# Shorts under shorts?



## mkjaekmi (Jan 5, 2008)

What are those tight shorts that the players wear under their shorts? Where can I buy them?


----------



## Jizzy (Aug 24, 2005)

they are called compression shorts and why the hell do you want them?


----------



## Adam (Jan 28, 2003)

Jizzy said:


> they are called compression shorts and why the hell do you want them?


Jizzy goes commando when he balls?


----------



## Jizzy (Aug 24, 2005)

adam said:


> Jizzy goes commando when he balls?


boxers? i assume athletes substitute them from having to wear boxers underneath


----------



## Adam (Jan 28, 2003)

**** the compression shorts. Only way to ball is with a stache, Kidd style.


----------



## Jizzy (Aug 24, 2005)

adam said:


> **** the compression shorts. Only way to ball is with a stache, Kidd style.
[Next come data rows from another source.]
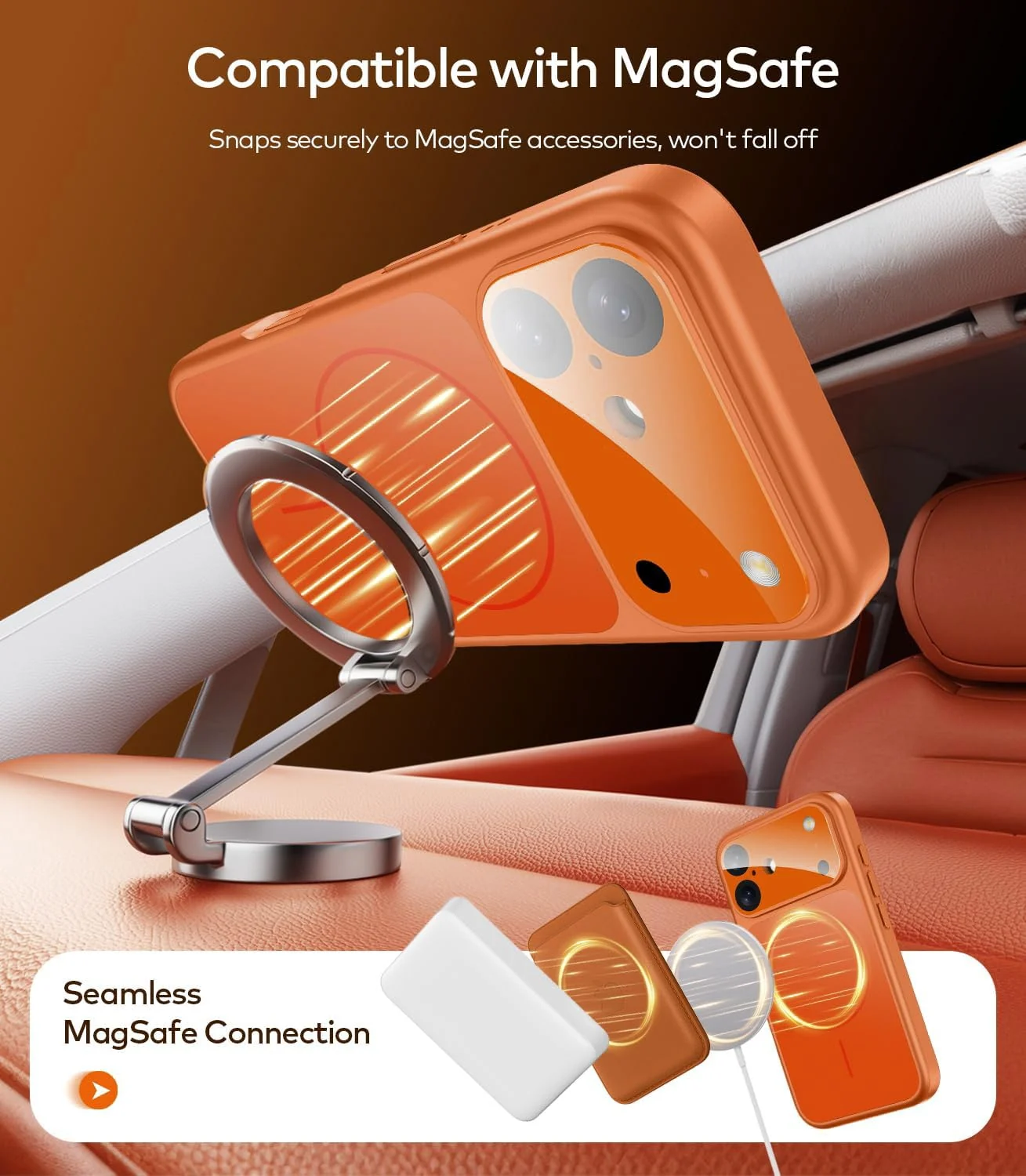 DL3 Mobilak MagSafe-Compatible Magnetic Case for iPhone 17 with Camera Protection and Shockproof Design - Orange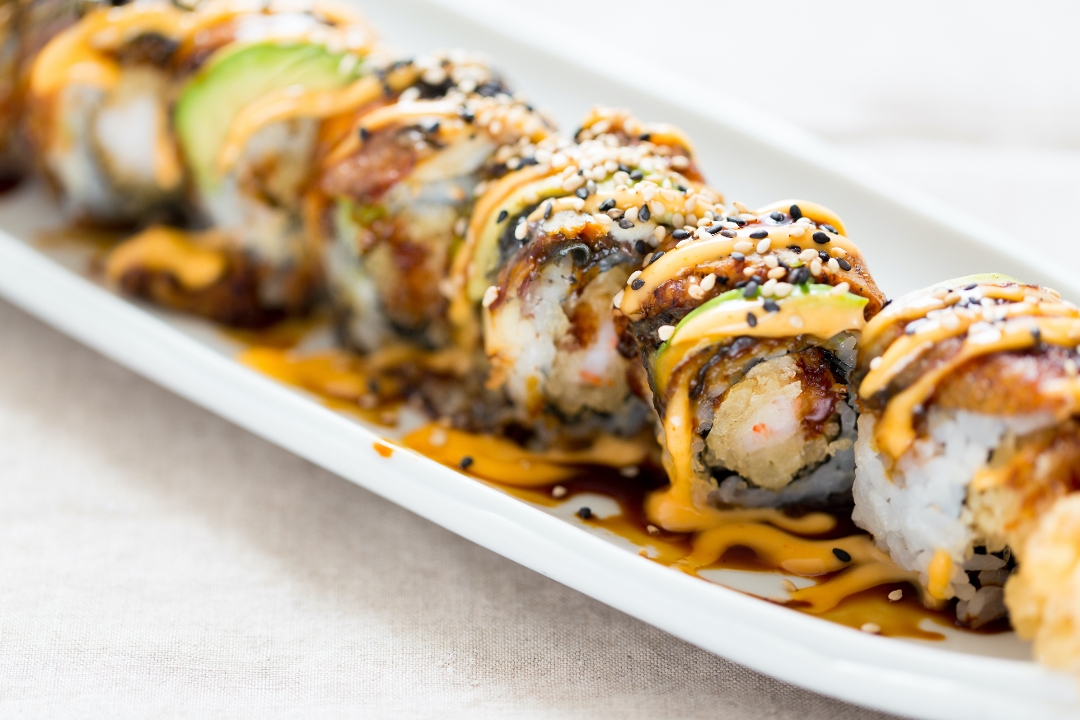 Order Crazy Dragon Roll food online from Sushi Too store, Pittsburgh on bringmethat.com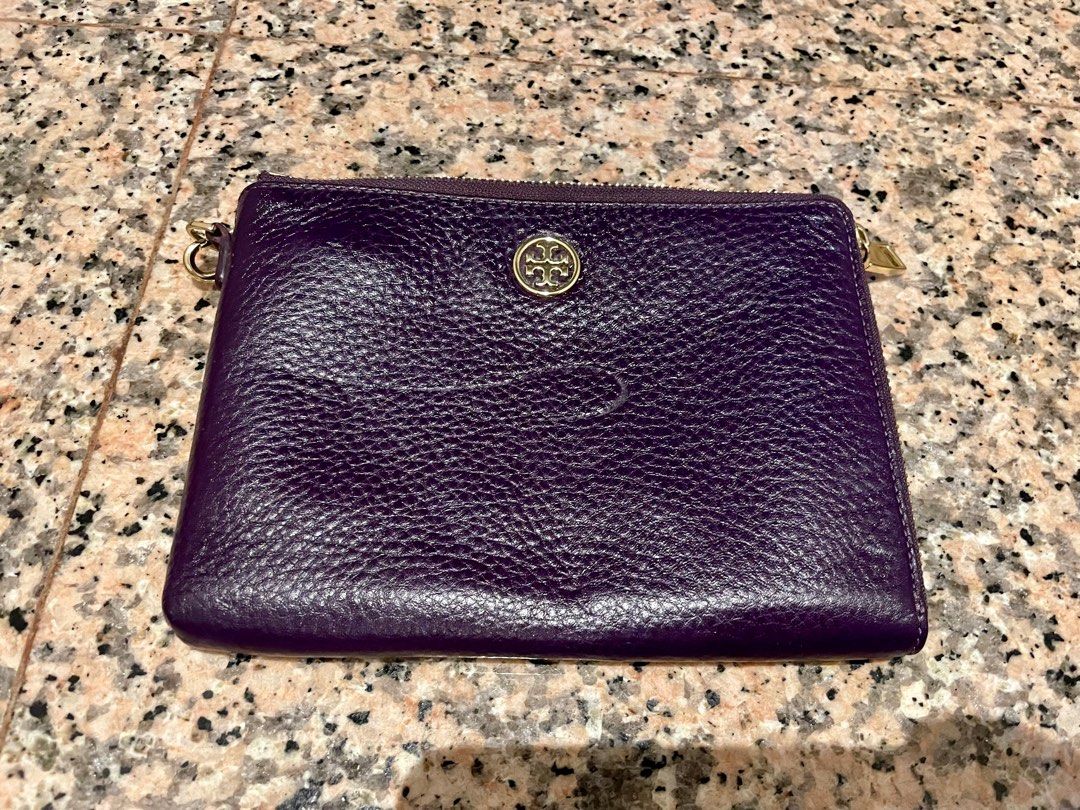 Tory Burch purple nylon tote bag. Trimmed in patent... - Depop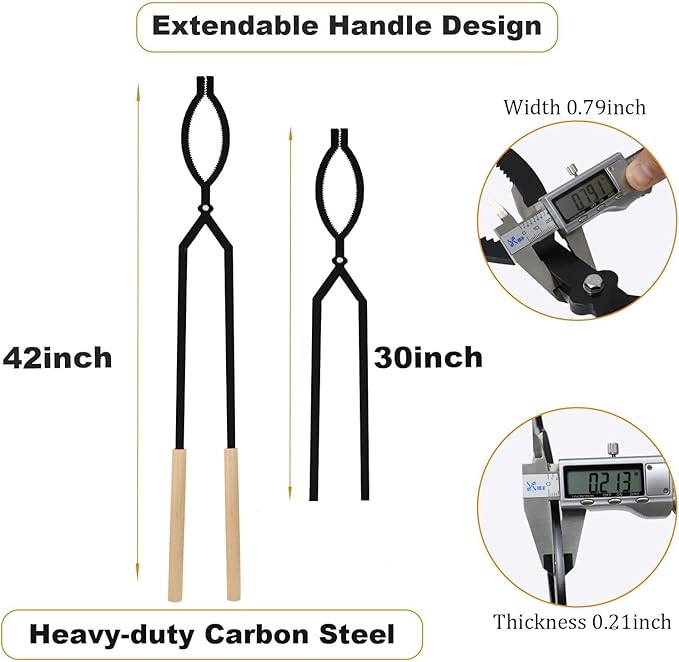 Heavy Duty Firewood Tongs – 42" Large Fireplace Tongs Log Grabber with Scissor Shape Serrated, Portable Expandable Fire Pit Tongs for Outdoor Fire Pit, Indoor Fireplaces, Campfires, Bonfires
ha, he had that **** Pink Panther style


----------



## mkjaekmi (Jan 5, 2008)

Why do most players wear them?


----------



## LameR (Jan 4, 2004)

mkjaekmi said:


> Why do most players wear them?


Do you really want an in-detail explanation? Boxers easily ride up in athletic activity. There are other anatomical reasons, but that's as far as I'm going to go into that area.

I couldn't imagine competing without compression shorts.


----------



## yuyuza1 (May 24, 2006)

mkjaekmi said:


> Why do most players wear them?



http://en.wikipedia.org/wiki/Compression_shorts


----------



## mkjaekmi (Jan 5, 2008)

Exactly my point, so there you have it Jizzy


----------



## Stack Jack (Jan 1, 2008)

when i wear them when i play it feels like your not wearing anthing.


----------



## gi0rdun (May 31, 2007)

It's so you don't see the player's penis when they're up in the air with their legs up and the baseline cameramen take photos.


----------



## R-Star (Jun 13, 2002)

giordun said:


> It's so you don't see the player's penis when they're up in the air with their legs up and the baseline cameramen take photos.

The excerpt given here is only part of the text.